> [Aim of the task] What is the number of lines in this listing that include "Stylish"? Answer with that number only.

--*--

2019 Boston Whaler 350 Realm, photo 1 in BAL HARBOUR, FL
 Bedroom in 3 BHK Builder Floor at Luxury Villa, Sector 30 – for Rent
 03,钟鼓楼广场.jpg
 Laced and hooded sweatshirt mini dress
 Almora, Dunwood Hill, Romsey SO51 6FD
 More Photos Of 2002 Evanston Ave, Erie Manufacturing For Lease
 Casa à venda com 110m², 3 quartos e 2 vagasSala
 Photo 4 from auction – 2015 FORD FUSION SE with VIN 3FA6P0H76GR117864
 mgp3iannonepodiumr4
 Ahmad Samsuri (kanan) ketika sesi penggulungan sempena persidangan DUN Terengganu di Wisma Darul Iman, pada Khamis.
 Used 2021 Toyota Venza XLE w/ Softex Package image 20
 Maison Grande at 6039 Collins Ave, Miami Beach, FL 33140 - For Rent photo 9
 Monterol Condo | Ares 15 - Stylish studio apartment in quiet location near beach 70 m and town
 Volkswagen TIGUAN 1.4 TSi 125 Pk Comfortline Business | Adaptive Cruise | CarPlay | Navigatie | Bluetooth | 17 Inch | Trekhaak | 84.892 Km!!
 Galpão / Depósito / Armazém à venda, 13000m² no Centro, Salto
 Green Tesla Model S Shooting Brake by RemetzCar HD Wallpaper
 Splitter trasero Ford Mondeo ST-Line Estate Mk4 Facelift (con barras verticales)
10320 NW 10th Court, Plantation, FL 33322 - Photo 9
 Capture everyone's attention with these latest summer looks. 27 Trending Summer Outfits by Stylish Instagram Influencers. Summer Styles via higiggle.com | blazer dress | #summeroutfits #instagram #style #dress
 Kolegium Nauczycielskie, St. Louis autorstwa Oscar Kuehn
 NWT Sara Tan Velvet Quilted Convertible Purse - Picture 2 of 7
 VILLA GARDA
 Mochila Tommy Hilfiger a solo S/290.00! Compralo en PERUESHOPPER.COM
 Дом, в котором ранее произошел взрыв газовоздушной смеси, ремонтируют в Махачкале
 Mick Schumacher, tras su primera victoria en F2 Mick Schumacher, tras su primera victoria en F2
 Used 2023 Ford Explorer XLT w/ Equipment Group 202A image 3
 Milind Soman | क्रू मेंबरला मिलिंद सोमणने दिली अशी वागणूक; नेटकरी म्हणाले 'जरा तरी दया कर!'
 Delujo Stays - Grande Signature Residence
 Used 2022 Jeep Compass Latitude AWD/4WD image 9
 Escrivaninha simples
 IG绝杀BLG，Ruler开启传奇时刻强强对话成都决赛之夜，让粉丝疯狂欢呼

--*--

> [Written solution] 2